Doc went from alarm to surprise. “Oh?”
“Yes, he is prevailing upon me to make you his tutor and fencing master. I am of two minds about this. I will tell you honestly, Doctor, your cooperation from this point on will have a great deal of influence on your prospects for survival, the survival of your friends and your own possible employment. No matter what the final outcome, you will tell me what I wish to know, willingly or unwillingly.”

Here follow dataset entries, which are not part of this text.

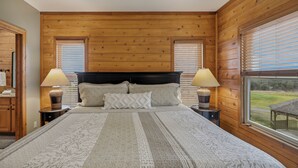 Ett sovrum med en sänggavel i trä, två sänglampor, en stor säng med mönstrat sänglinne och utsikt över en gräsyta genom ett fönster.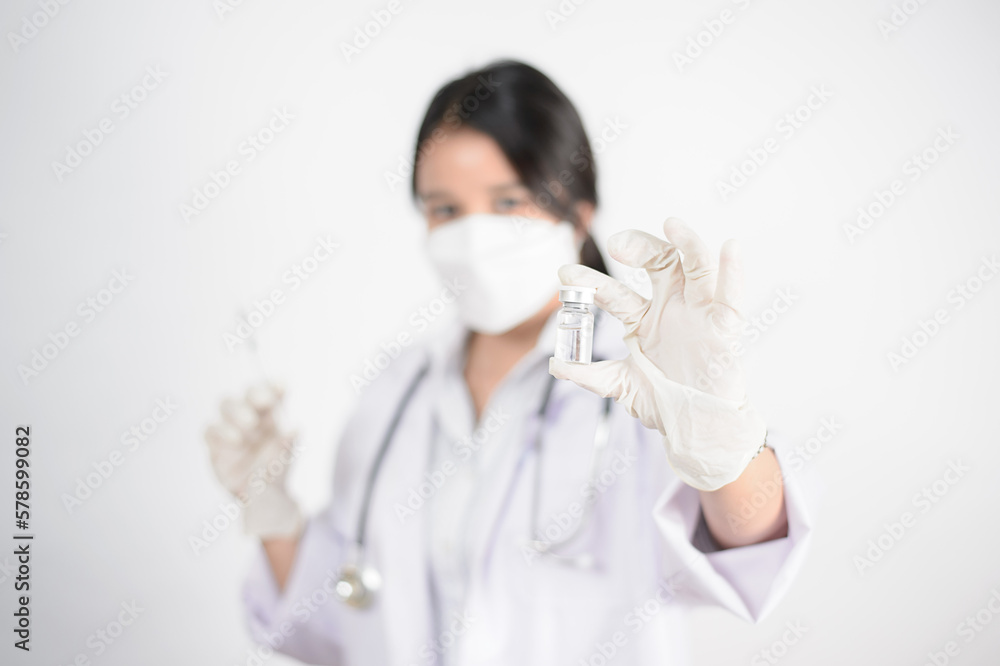 Study of COVID-19 infection. Female doctor examines medicine for illness, man mask with syringe and jar in front with copy space coronavirus virus Study of COVID-19 infection. Female doctor examines medicine for illness, man mask with syringe and jar in front with copy space coronavirus virus
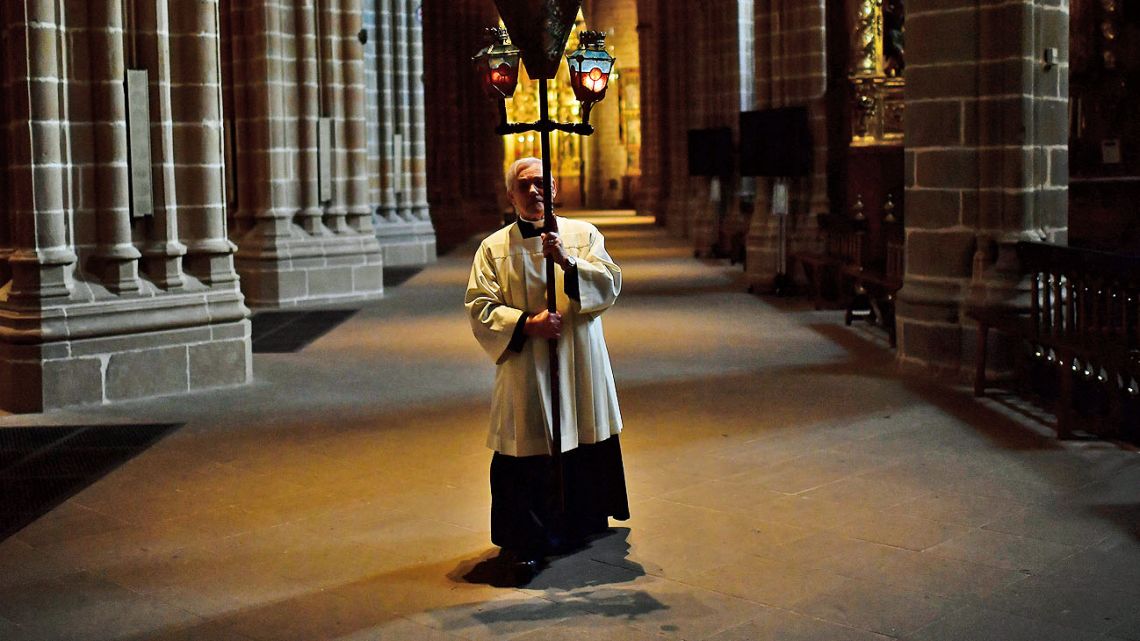 A priest walks during a Stations of the Cross, in an empty Santa Maria Cathedral during Good Friday, after celebrations and services were cancelled due to the outbreak of coronavirus, in Pamplona, northern Spain.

Doc shivered despite the warmth of the fire and the covers. He would be damned if he gave Baron Barat one thing more, but nonetheless he shook. This was not the first time he had been brought down despite his best efforts and been taken captive. Bile rose in Doc’s throat. Terror racked his brain. Nor would it be the first time he had been humiliated, tortured and broken. Cold sweat burst upon his brow, and the spiders of madness began spinning their webs around his consciousness. Memories he strove to suppress rose. The damaged dikes of lucidity he struggled to shore every waking moment began to crumble once more.
Alarm bells in the ville cut Doc’s downward spiral and began ringing like hope.
Doc knew without a doubt his friends were coming for him.
“You think your friends come for you?” Barat inquired.
Doc was sure of it but shook his head. He searched through his tattered psyche for the courage he had found when he had faced down the baron and his son in the study. Doc was insufferably pleased that though he was bound and helpless and facing torture and death, a small, mostly hidden reservoir still remained. With the flickering candle of hope that his friends lived Doc found that he was still prepared to die. “No, but you have given them great offense, and they will make murder among your people until you see the error of your ways.”
Barat sighed wearily. “Pray that you are wrong, Dr. Tanner.”
“Forgive my impertinence, but if I may ask, by what reason should I devoutly desire such a consummation?”
The baron shook his head. “Because if your companions do not fall into the hands of myself and my men this night, they will most assuredly fall into the hands of my brother.”
Doc was not entirely sure what Barat meant, but he felt his guts turn to ice at the remark. “I fear I am not entirely sure I understand you, Baron Barat.”
“I fear I am not entirely in control of this island, Dr. Tanner.” The baron stared out inscrutably through the heavy iron bars that secured the window and into the night. “And I fear your friends are in terrible peril.”